According to WRAL, Chief District Court Judge Richard Myers said that he wouldn’t allow North Carolina’s election board to proceed with an inquiry that would have dove into the US representative’s alleged role in the Jan. 6 riot at the US Capitol building.

The challenge was filed by attorneys looking to label Cawthorn as an insurrectionist, and have him legally barred from the ballot. Cawthorn spoke at the Save America rally that took place in the hours leading up to, and during, the Jan. 6 riot at the Capitol.

"We are at a moment in which interest in free and fair elections is at its peak," Myers said, adding that it was his responsibility as a federal judge to protect "the soapbox... the ballot box... and the jury box... And when those fail, that's when people proceed to the ammunition box."
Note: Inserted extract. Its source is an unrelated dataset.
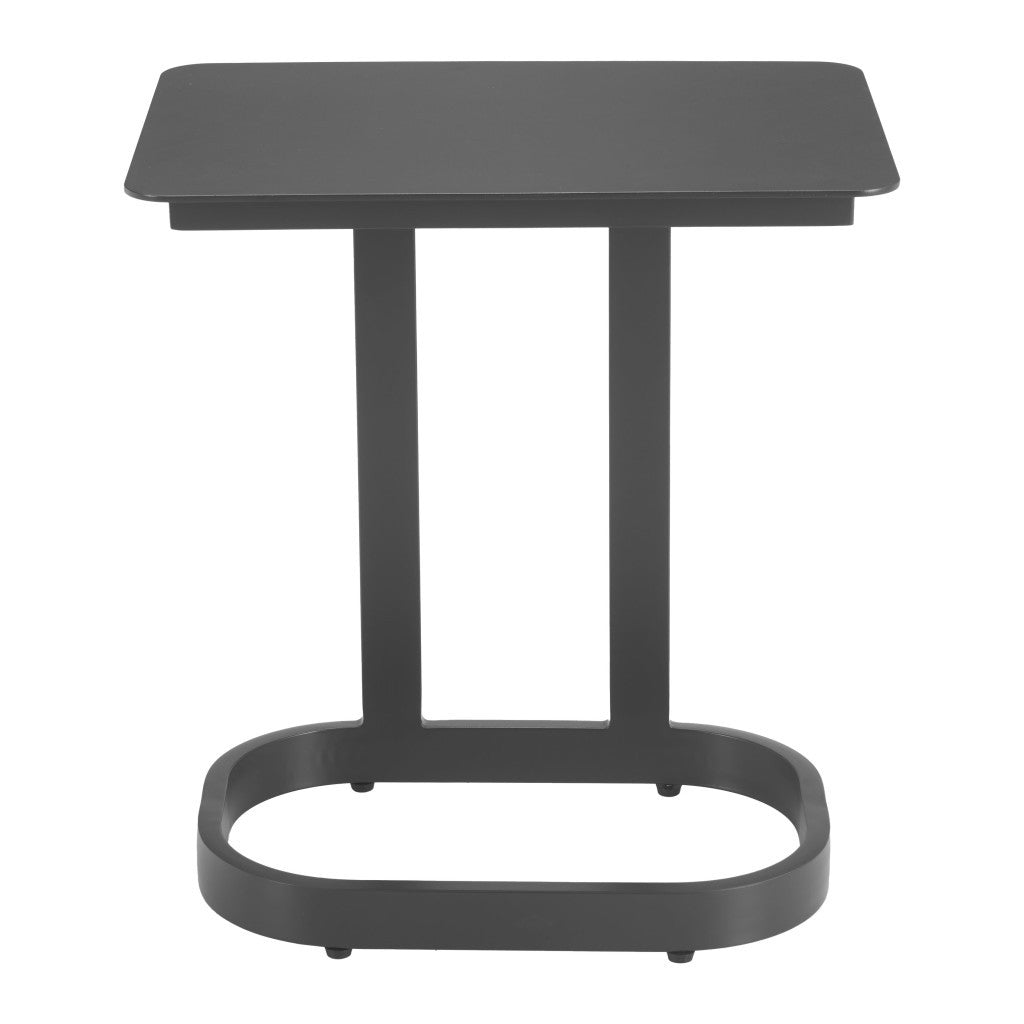 24" Black Aluminum Pedestal End Table-2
The challengers alleged that Cawthorn triggered Section 3 of the 14th Amendment to the US Constitution by stoking anger in the pro-Trump protestors at the rally that day.
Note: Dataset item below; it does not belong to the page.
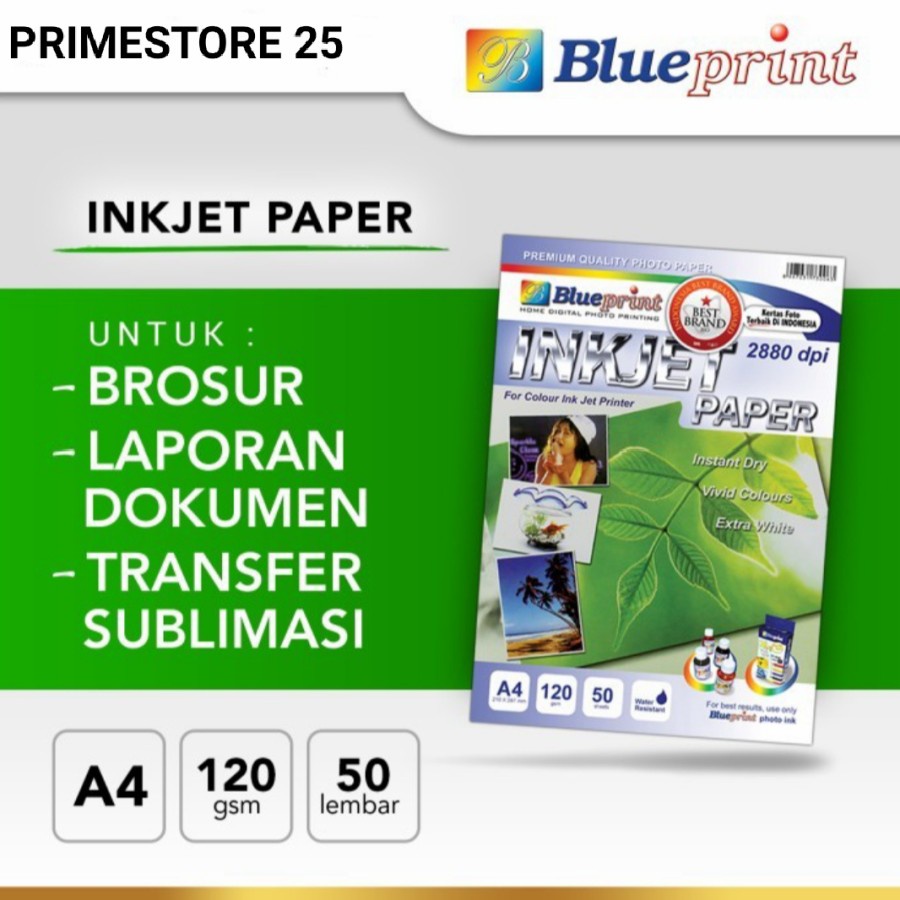 Jual Kertas Matte | Kertas Inkjet Paper BLUEPRINT IP A4 120 Gsm ...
The section states: "No person shall be a Senator or Representative in Congress, or elector of President and Vice-President, or hold any office, civil or military, under the United States, or under any State, who, having previously taken an oath, as a member of Congress, or as an officer of the United States, or as a member of any State legislature, or as an executive or judicial officer of any State, to support the Constitution of the United States, shall have engaged in insurrection or rebellion against the same, or given aid or comfort to the enemies thereof. But Congress may by a vote of two-thirds of each House, remove such disability."

Myers concluded though that an 1872 amnesty law passed by Congress overruled this section of the 14th Amendment, according to ABC 11.
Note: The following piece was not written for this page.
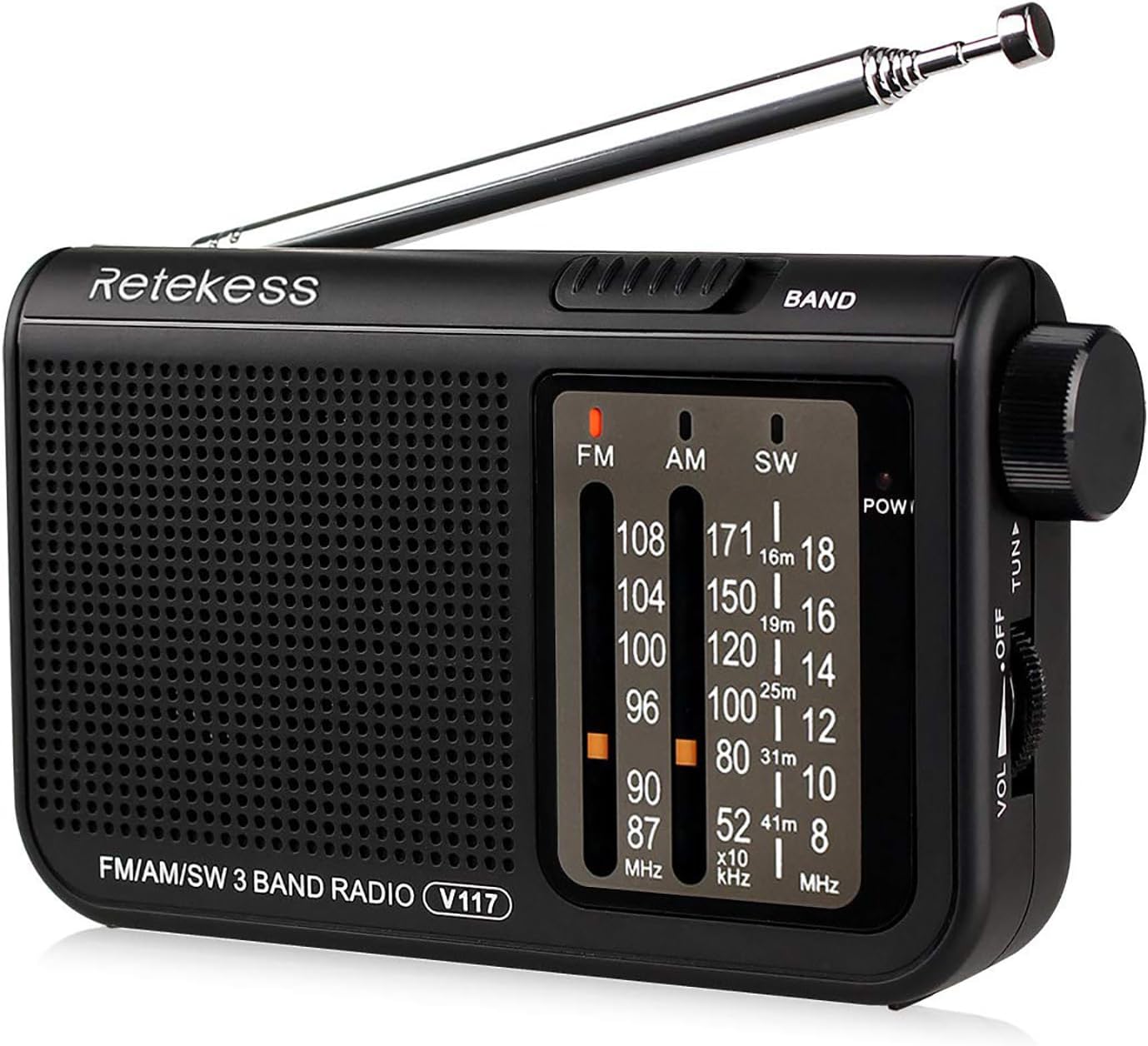 V117 Portable Radio, Battery Radio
Cawthorn’s lawyers had argued that the Amnesty Act of 1872 applied not only retroactively to Confederate officials, as was the original intention of the act, but to future "insurrectionists."

Cawthorn has denied that he participated in an insurrection.

"We're greatly disappointed," said John Wallace, a Democratic lawyer who represented the challengers. "Those North Carolina voters who saw it fit to challenge Cawthorn's candidacy now won't have a chance to do so."

Cawthorn called the ruling a "huge victory."

The State Board of Elections could appeal Myers’ decision, but have yet to say whether they will do so.

Myers also noted the fast approaching deadlines for the primaries, which will take place on May 17. If Cawthorn was kept off the ballot, the primaries would likely be decided before appeals could fully run their course.